The lines to copy are those in the listing below that contain the word "Hanging".

═══ Given data

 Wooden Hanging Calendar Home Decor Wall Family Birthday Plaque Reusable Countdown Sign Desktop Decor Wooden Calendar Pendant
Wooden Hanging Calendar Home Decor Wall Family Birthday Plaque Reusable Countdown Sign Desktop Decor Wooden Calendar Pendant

══════
═══ Given data

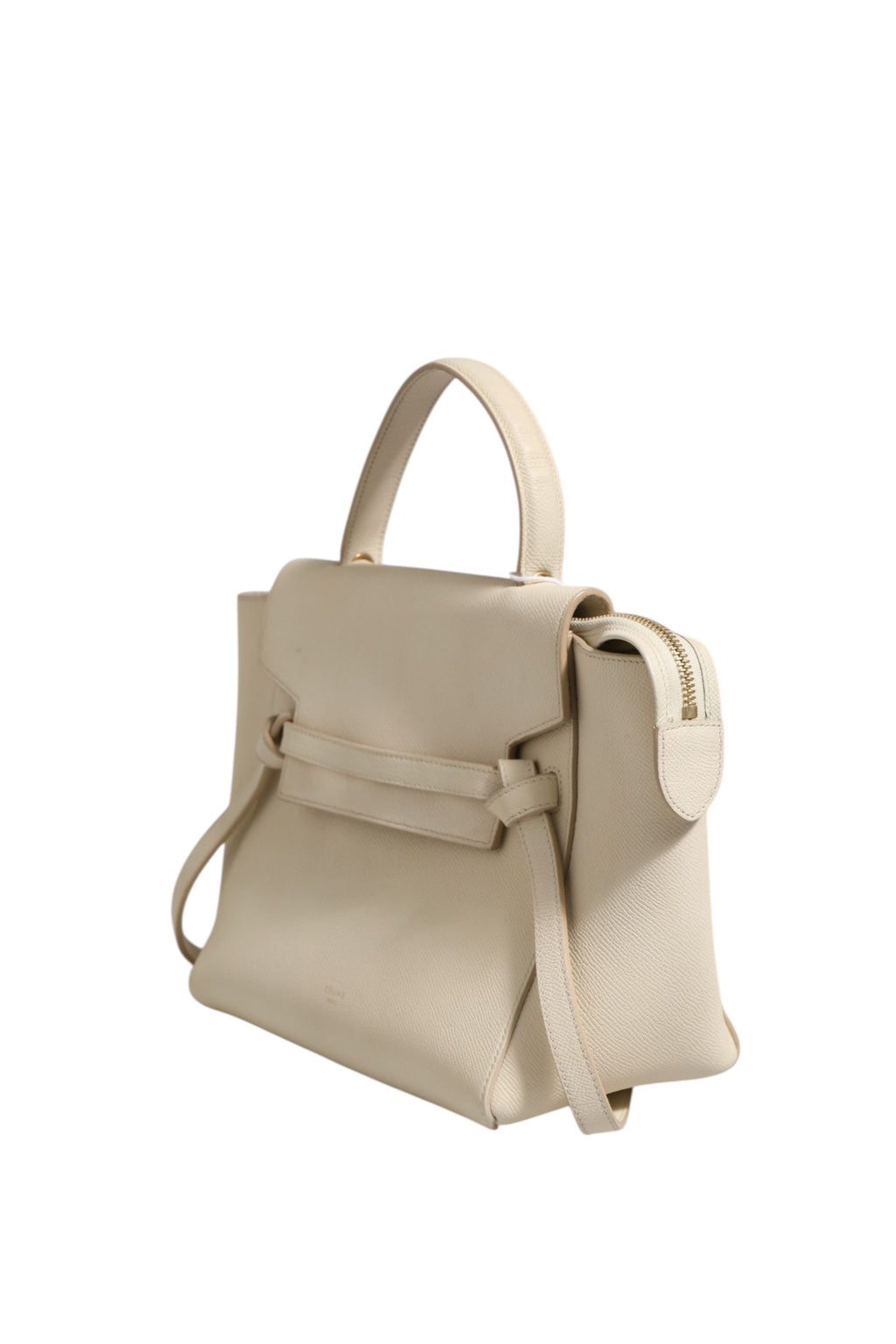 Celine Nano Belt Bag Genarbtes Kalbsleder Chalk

══════
═══ Given data

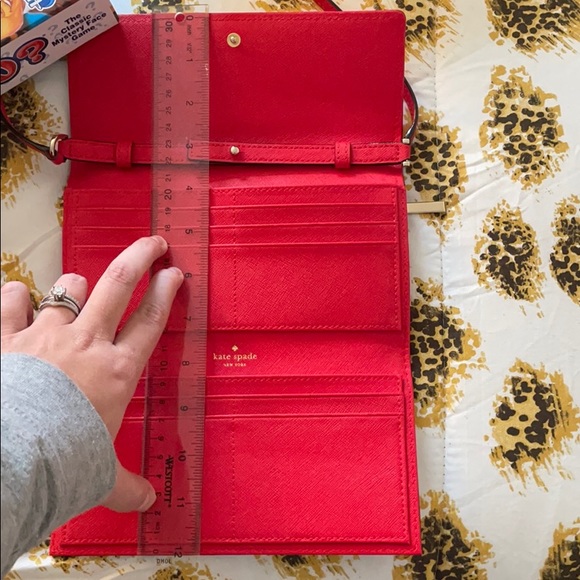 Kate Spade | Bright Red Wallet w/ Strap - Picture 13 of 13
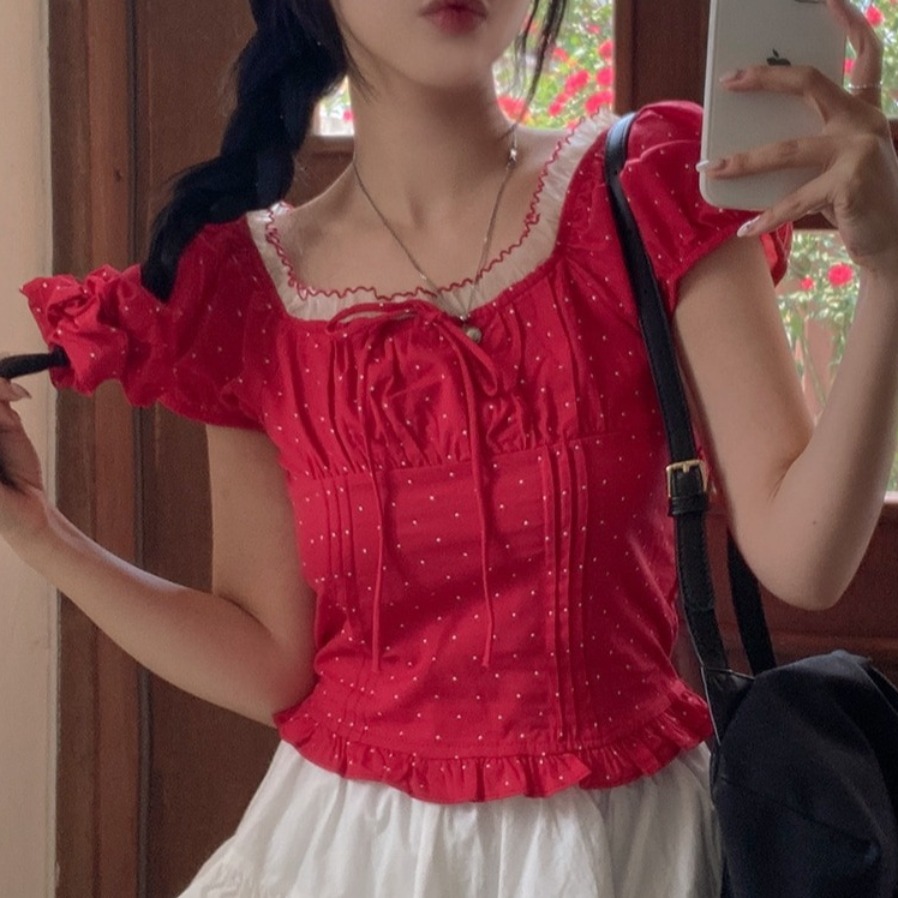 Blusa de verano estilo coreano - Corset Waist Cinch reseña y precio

══════

▶ Completed exercise
 Wooden Hanging Calendar Home Decor Wall Family Birthday Plaque Reusable Countdown Sign Desktop Decor Wooden Calendar Pendant
Wooden Hanging Calendar Home Decor Wall Family Birthday Plaque Reusable Countdown Sign Desktop Decor Wooden Calendar Pendant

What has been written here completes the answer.